Chips for TVs
A new market is opening up for the likes of Intel and Texas Instruments. Barron’s has more:
The new angle on television involves microdisplays — a technique for making rear-projection TVs that are cheaper and brighter than most large-screen digital sets sold today. Texas Instruments already reaps about 5% of its sales from its Digital Light Processing chip — a half-inch square that contains as many as 2 million movable mirrors to project a high-definition image onto a TV screen. At a consumer electronics trade show last month, Intel described an emerging, rival technology called Liquid Crystal on Silicon — call it LCOS. Instead of moving mirrors, the Intel approach bounces its image off a reflective chip covered with tiny liquid-crystal shutters.
Such microdisplay technologies are worth $300-$400 in component costs per TV set, Parker figures, plus an additional few hundred bucks for the projection parts. That boosts the semiconductor content of a digital TV from about $110 — comparable to a cable set-top box — to the $400-$500 per unit range of a personal computer. Unit sales of TVs in the U.S. surpassed 30 million in 2002, so it’s clearly worth the attention of TI and Intel.
Federal regulations will require most TVs to contain digital tuners by 2007.

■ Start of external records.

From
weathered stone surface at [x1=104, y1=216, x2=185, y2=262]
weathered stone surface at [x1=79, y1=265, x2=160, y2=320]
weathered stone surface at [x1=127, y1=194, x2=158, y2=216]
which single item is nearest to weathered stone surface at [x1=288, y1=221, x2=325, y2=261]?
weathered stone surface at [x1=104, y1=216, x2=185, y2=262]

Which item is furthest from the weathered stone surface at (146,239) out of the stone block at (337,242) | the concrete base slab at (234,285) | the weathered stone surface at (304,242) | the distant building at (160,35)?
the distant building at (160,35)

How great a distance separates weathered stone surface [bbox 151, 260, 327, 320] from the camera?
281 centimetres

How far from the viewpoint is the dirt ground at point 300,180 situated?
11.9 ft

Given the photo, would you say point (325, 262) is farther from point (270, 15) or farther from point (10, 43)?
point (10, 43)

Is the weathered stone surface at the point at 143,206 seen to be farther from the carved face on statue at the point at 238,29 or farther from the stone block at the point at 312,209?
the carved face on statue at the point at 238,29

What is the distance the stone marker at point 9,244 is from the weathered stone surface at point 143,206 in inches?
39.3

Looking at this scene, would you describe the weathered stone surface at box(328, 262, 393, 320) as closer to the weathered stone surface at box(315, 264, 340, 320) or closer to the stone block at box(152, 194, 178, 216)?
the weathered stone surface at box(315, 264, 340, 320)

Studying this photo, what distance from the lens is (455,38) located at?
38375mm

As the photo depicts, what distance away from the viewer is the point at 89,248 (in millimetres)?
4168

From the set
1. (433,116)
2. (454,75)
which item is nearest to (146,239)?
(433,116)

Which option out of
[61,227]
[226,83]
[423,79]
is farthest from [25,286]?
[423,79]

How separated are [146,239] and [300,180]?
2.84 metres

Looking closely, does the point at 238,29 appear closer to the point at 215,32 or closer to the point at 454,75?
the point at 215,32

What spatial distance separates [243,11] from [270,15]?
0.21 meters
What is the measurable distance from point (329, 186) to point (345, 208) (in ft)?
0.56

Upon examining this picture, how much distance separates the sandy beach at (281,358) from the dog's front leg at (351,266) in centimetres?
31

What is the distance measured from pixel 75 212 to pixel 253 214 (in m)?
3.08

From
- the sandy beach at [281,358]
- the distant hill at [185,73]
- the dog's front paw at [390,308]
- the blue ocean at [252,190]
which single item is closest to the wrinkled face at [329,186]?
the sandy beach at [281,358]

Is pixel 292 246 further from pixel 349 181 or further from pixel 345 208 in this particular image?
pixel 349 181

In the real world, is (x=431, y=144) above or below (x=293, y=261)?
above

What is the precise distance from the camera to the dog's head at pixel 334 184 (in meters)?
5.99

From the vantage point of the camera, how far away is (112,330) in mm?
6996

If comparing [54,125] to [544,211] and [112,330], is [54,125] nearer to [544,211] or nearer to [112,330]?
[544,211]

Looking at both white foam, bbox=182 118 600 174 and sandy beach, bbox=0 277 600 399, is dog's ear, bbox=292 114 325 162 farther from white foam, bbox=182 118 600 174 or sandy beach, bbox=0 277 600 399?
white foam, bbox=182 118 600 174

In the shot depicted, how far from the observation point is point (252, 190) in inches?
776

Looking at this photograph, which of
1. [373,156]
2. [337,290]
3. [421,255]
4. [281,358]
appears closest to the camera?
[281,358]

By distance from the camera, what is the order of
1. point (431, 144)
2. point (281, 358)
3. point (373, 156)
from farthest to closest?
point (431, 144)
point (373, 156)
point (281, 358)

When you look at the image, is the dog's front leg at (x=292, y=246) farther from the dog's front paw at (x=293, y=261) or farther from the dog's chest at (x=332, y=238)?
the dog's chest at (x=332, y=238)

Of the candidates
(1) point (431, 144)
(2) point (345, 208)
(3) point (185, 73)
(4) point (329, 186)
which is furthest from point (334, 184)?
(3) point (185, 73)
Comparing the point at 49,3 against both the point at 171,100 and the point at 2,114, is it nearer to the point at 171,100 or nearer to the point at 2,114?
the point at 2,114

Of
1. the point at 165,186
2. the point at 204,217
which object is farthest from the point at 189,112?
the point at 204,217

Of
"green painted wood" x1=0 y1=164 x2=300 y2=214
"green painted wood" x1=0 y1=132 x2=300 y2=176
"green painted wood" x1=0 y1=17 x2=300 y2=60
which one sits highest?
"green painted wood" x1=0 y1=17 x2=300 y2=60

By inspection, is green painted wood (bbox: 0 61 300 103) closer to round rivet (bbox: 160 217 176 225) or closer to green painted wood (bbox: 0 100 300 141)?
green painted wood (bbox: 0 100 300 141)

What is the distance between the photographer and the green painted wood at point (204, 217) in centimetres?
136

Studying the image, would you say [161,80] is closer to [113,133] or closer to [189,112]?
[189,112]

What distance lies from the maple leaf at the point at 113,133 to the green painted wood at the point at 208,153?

Other technologies used in big digital TVs form their image right on their expensive screens, which incorporate liquid-crystal shutters or else tiny jots of the glowing electrified gas known as plasma. Televisions using TI’s little mirrors aren’t as thin as a plasma screen, but they’re cheaper. Intel hopes that its LCOS chips could ultimately be cheaper than TI’s moving mirrors, because the Intel design has no moving parts.
Adds WSJ on Texas Instruments’ digital light processing (DLP) chip:
After years of experimenting with a fingernail-size computer chip that holds a million or more microscopic mirrors, Texas Instruments Inc. is finally about to see the payoff — and it may be in your living room. The Dallas chipmaker’s “digital light processing” technology was little more than a dim prospect for many years. But now it is at the heart of new high-definition television sets from RCA, Samsung, Toshiba, Zenith Electronics and Panasonic, among others. Some analysts think DLP ultimately could be as ubiquitous as Dolby sound in stereos.
Today, the technology uses as many as two million mirrors. Light from a bulb first passes through red, blue or green filters, then is beamed onto the chip. The mirrors are tilted in rapid-fire sequence by electrical pulses to reflect the light, which creates tiny dots that are projected onto the TV screen.
Because each mirror produces a single picture element and reflects the light of a 200-watt bulb, the sets have ultrasharp images. Texas Instruments says the DLP images are brighter than those of liquid-crystal displays, and that DLP sets burn less energy than plasma screens, two other technologies for high-definition TV.